Yesterday, we noted that a breakout above the Sloping resistance and 29 380$ would be bullish for Bitcoin in the short term. What led us to this quick assessment was the similarity of the pattern found on the 1-minute chart, which seemed very familiar to us. It was, once again, a quick spike in the price within a short interval (very similar to the ones we showed previously on 1-minute graphs). Shortly after that, the price broke to the upside, bringing Bitcoin to a critical zone above 30 000$.
Interestingly, this move precedes the start of earnings season in the banking sector, which helped to prop up the price recently with the crisis among regional banks. While Bitcoin’s reaction to the crisis might be considered the first potential sign of maturing and gaining more functions (than just being a speculative vehicle), let’s not forget that it still faces many obstacles that may derail it from the intended path.

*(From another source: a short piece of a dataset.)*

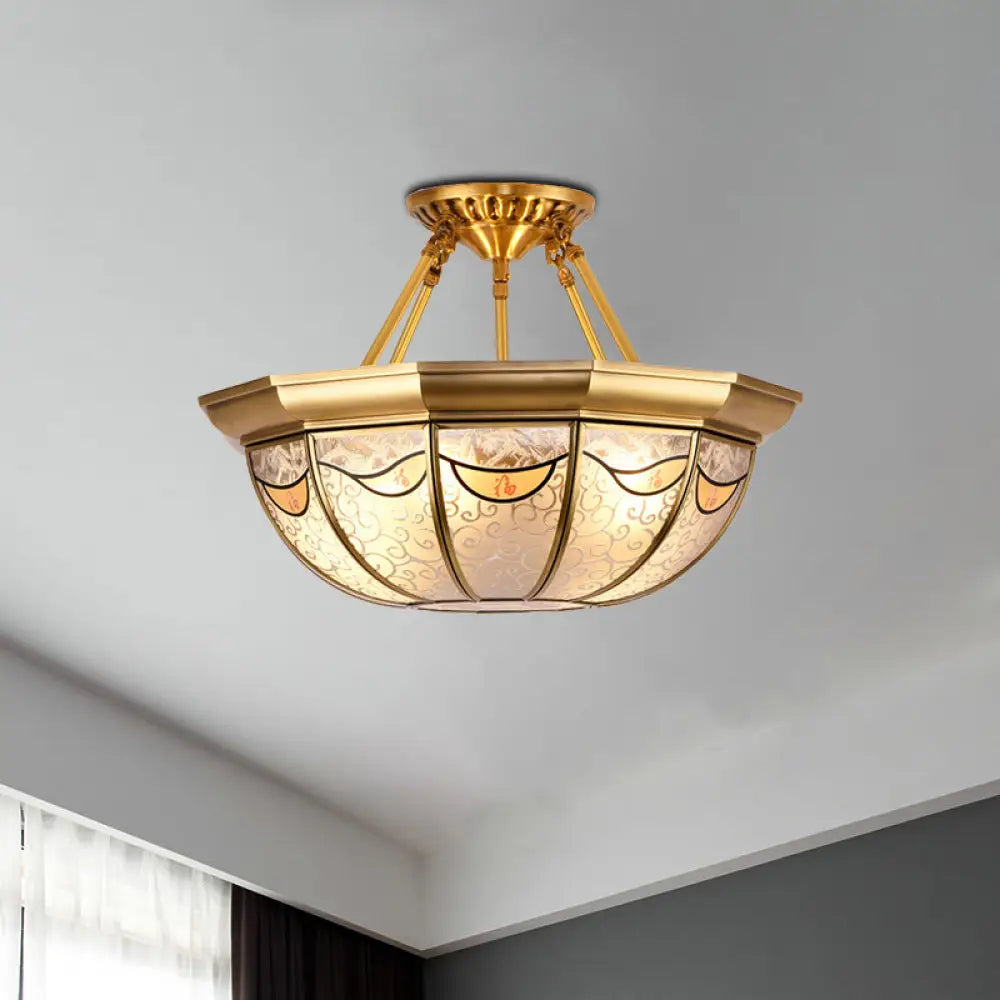 Traditional Brass Semi-Flush Bowl Light For Dining Room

These obstacles include a lack of the regulator’s clarity on its future plans, especially as central banks attempt to develop their own digital currency (CBDC). For example, there might be a potential cryptocurrency crackdown in the form of restricting money transfers to/from cryptocurrency institutions or any other forms that will make it very inefficient for a consumer to use them. Furthermore, the U.S. government still plans to unload its stash of more than 41 000 Bitcoins seized in connection to the Silk Road bust. This amount might not seem as much compared to the daily volume. Although we think this action's timing is also crucial and something that many people seem to underestimate; illiquid markets require less “firepower” to move the price (it applies to both directions).
In addition to that, high-interest rates finally start to manifest their impact on the consumer, for whom it is harder to service debt and pay for goods with elevated inflation. As a result, this might put many people in a position where they will have to decide whether to pay bills and get food or hold on to the cryptocurrency stash (rising unemployment will also contribute to this).

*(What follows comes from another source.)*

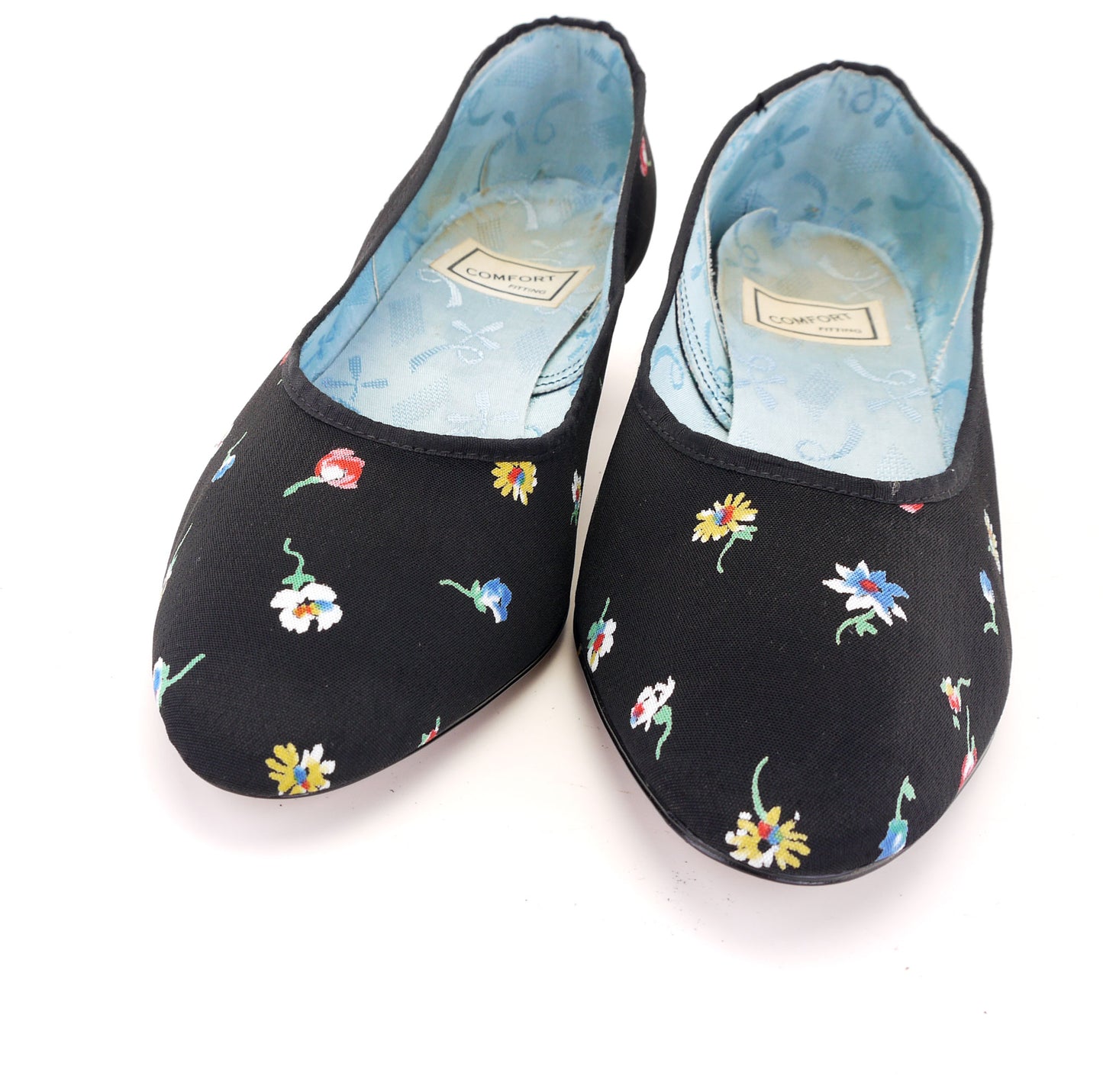 1950s Black & Floral Ladies Slippers UK 5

With these issues and many more, we think it is still premature to call the winning shots. Because of that, we will now focus on the area between the psychological level of 30 000$ and 32 951$ (which acted as support in early May 2022). To abandon our thesis about the bottom not being in, we would like to see Bitcoin consolidate in this area like it did around 28 000$ (just over the past two weeks). Furthermore, we would like to see a continuous build-up in volume accompanying higher prices. Then, we would also want to see a breakout above the zone, which would greatly diminish the odds of our thesis about Bitcoin retesting its 2022 lows. To support our bearish thesis, we would like to see Bitcoin struggling to hold above 30 000$ and a lack of volume in the market.
Illustration 1.01 Illustration 1.01 displays the 1-minute chart of BTCUSD. The yellow arrow indicates the first anomaly. We previously said that similar moves often kept accompanying the price to new highs, especially during the weekend or shortly after the futures market close (in generally illiquid markets).
Illustration 1.02 Illustration 1.02 shows the 1-minute chart of BTCUSD. The second anomaly occurred right after the futures market opened, where Bitcoin jumped by 500$ within the first three minutes of trading.
Technical analysis Daily time frame = Bullish Weekly time frame = Bullish
Illustration 1.03 The picture above shows the daily chart of BTCUSD. The yellow rectangle shows the critical zone between 30 000$ and 32 951$.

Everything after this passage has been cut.